Left: Chancel organ pipes. Right: West-facing pipes.

Brian Elliott kindly wrote to our webmaster on 5 December 2006 to remind readers of the original version of this webpage that "the church has several points of interest, including a fine memorial to Leopold (who had become King of the Belgians), stained glass by Ninian Comper, and a pipe organ built in 1886 by J. W. Walker and Sons Ltd, and renovated over the last two years at a cost of around £187,000, to maintain it as an outstanding example of the Victorian organ." A selection of the stained glass, including Comper's, can be seen by clicking on the links in "Related Material" below.

Churchyard Monument

Left to right [all by JB]: (a) Whole monument to Edith Amy Clarke, by an unknown sculptor (possibly Francis Williamson, who lived just a couple of minutes away?). (b) Seated figure, with harp. (c) Detail. Note the little pet bird perched beside her.

Arthur Doveton Clarke, who raised this memorial to his young wife, appears in the London Gazette of 1 July 1887 as one of those giving notice of the dissolution of a stockbroking firm, prior to the formation of a new partnership.
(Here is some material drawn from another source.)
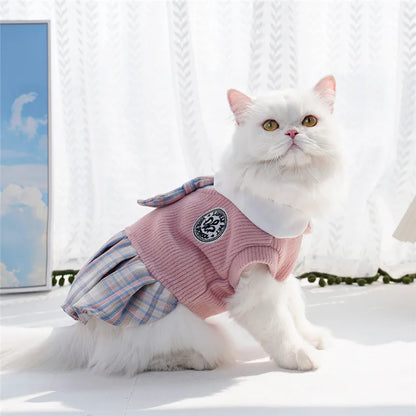 Knitted dog dress with a plaid skirt for everyday outings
He must have been well-off; Edith is remembered inside the church too, in the stained glass. This was, indeed, a "prosperous church" (Nairn and Pevsner 221). Yet Clarke's own apparent wealth could not forestall his family's tragedy, and he himself died a few years after his wife, in his early fifties. Other Victorian monuments inside and outside the church can be seen by following the links under "Related Material."

Inscription on monument.

Related Material

References

"Christ Church, Esher." British Listed Buildings. Web. 4 November 2015.

Howkins, Chris. Hidden Surrey: Town and Country. Newbury: Countryside, 1990.
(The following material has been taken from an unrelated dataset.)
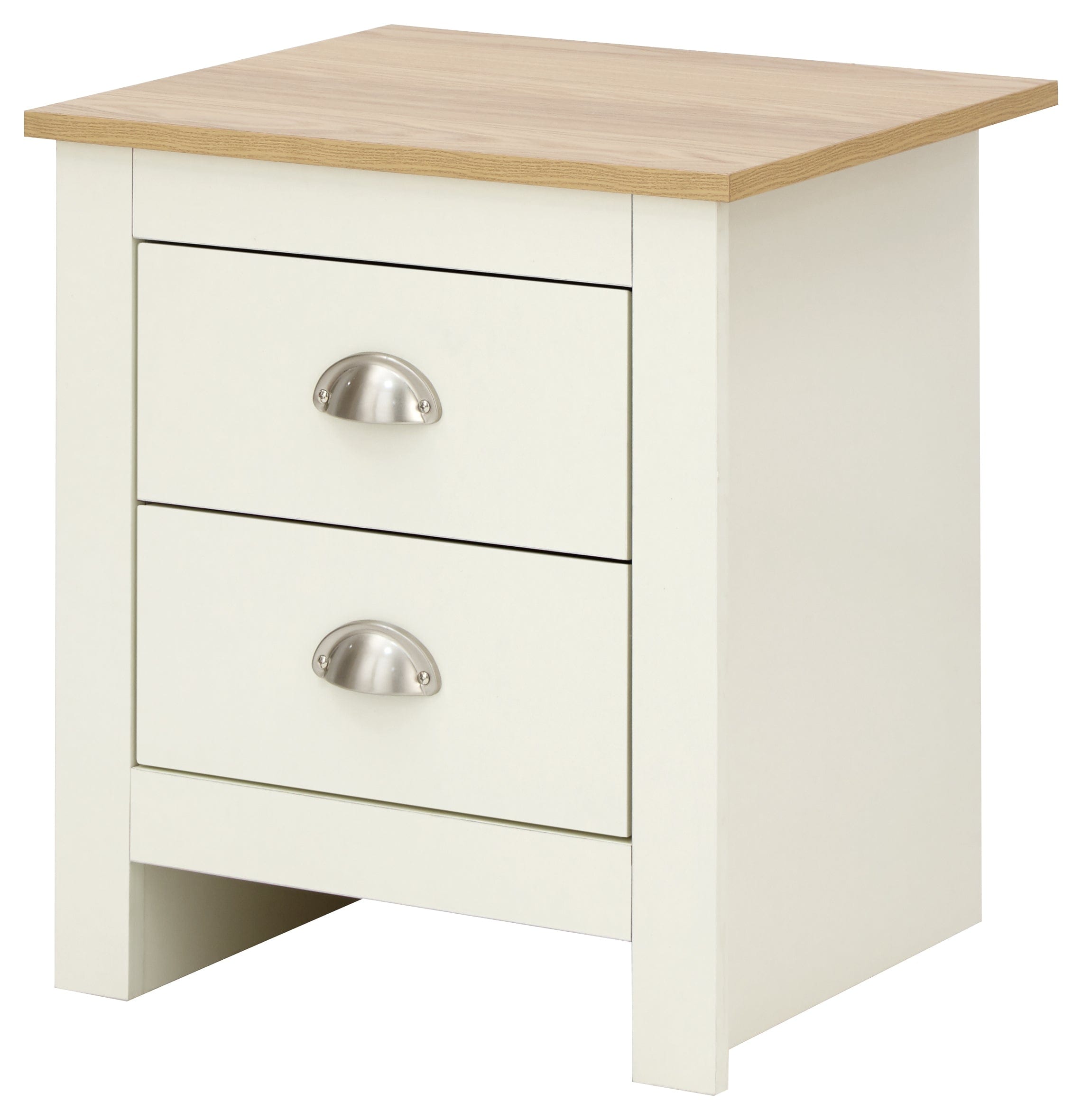 GFW Bedside Table Lancaster 2 Drawer Bedside Cream Bed Kings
"John Roddam Spencer Stanhope (1829-1908)." Invaluable: The World's Premier Auctions. Web. 4 November 2015.

Mee, Arthur. The King's England: Surrey. London: Hodder & Stoughton, 1938.

Mittler, Penny. ""The Church of England Chaplaincies in Florence from 1820". Web. 4 November 2015.

Nairn, Ian and Nikolaus Pevsner, rev. Bridget Cherry. The Buildings of England: Surrey. 2nd ed. London: Penguin, 1971.

Parish of Esher. Web. 4 November 2015.

Poë, Simon. "Strange, Dreamy Delight: Decorative Work in Churches by John Roddam Spencer Stanhope." Hoylandswaine Arts Group. Web. 4 November 2015.